This methodology is interesting, and promising. If offers a logic which brings the past into the present, while avoiding to instrumentalise that past in function of present-day objectives. Starting out from a historical reading of the violent past, it leads to a critical and moral reflection, not only upon the violent past itself, but also upon conflicts and violence in the present. Reading the past critically encourages a critical reading of contemporary politics. In other words, this methodology presents the violent past not only as a source of historical knowledge, but also as an occasion for a broader critical reflection upon war and peace. The idea of peace, in all its complexity, emerges out of Europe’s conscience troubled by its violent history. At the same time, this way of approaching and presenting the past remains open to the complexities and ambiguities of history. There is ample space for looking at various aspects of war history, and for opening different stories about the war. It is recognised that history can only show its emancipatory potential if its contingent character is respected, and if historical narratives are multi- rather than uni-vocal. Teleological and unifying narratives, which silence alternative histories and comfortably justify the status quo, are avoided. Although history is linked to present-day themes, the risk of approaching the past in a one-sided or mythologising way is reduced. On the contrary, to make a critical reflection upon the past possible in the first place, it is necessary that as many stories as possible are told about the war. This approach, for example, gives the many stories about the multicultural and colonial aspects of the First World War, which for decades were pushed aside in traditional nationalistic and patriotic narratives, the full attention they deserve.
My suggestion therefore is that if our ambition is to promote a peace-oriented commemoration of WWI at the European level, we should start out from this methodology of bringing the past to the present. It offers the possibility of a European commemoration of the First World War which foregrounds the idea of peace, while the risk of mythologising the past is mitigated. This is, however, not the end of our enquiries. In remembrance practices of the First World War, the voice of ‘peace’ is only one among many. The reality is that commemoration of WWI in Europe is characterised by a multitude of national and local traditions. How does this plurality reflect on the project of a European peace-oriented commemoration of the war of 14-18?

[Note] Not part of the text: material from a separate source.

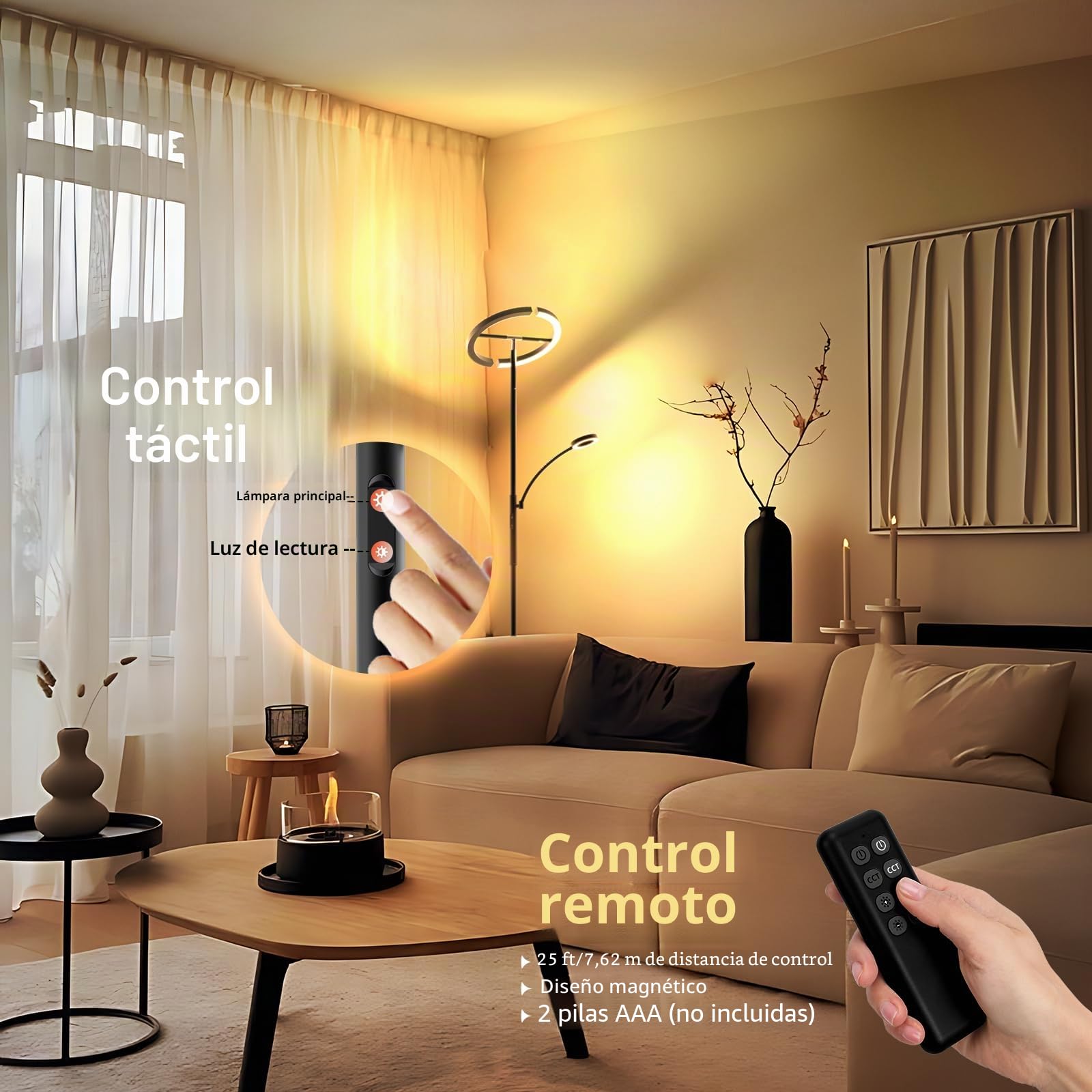 FIMEI Lámpara de Pie 29w, con Control Remoto y Táctil, 3000K-6000K Temperatura de Color & Atenuación Continuas, Moderna Lámpara de Lectura para Sala de Estar, Dormitorio, Oficina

A pluralism of war memories
Europe’s violent 20th century history has produced a plurality of memories, often of a bitter and divisive nature. This is clearly the case for the Second World War. But as my sketch of commemorative practices in and around Ypres indicated, remembrance of the First World War equally comes in many shapes and forms. Different actors are involved in remembrance practices (states, communal authorities, and local actors). And messages and underlying themes do not sound in unison, but in a variety of voices and tones. If we broaden our outlook from Flanders Fields to WWI commemoration in the whole of Europe, the picture becomes even more complex. A mere look at November 11, Remembrance Day, shows that on that day some countries (e.g. the UK, Belgium, France) commemorate their war dead, while others, mostly in Central and East Europe, celebrate their independence and national freedom. (20) In Europe, a number of countries have transformed the memory of the war into a token of peace and reconciliation. In Belgium the ‘peace idea’ is very present. Even the Army uses the catchphrase “remembering is keeping the peace”. In Ireland, remembrance of WWI was reframed to underline reconciliation between Catholics and Protestants. And the iconic image of Mitterrand and Kohl holding hands in Verdun constitutes one of the main symbols in Franco-German reconciliation. In other countries, the situation is somewhat different. As we have seen in Ypres, official British remembrance of WWI traditionally has had patriotic and militaristic undertones. That this way of remembering the world wars also has political significance is shown by Anne Deighton who argues that ‘imperial memories’ have influenced post-war UK foreign policy, including the British stance towards European integration. (21) In other countries, such as Hungary, memories of the First World War, in particular of the peace treaty of Trianon of 1922, are still acted out in public imagination. (22) And, importantly, as most of the countries involved in WWI were colonial empires, there is a wide variety of post-colonial memories of the war, which until recently were kept in the shadows of most nations’ remembrance cultures.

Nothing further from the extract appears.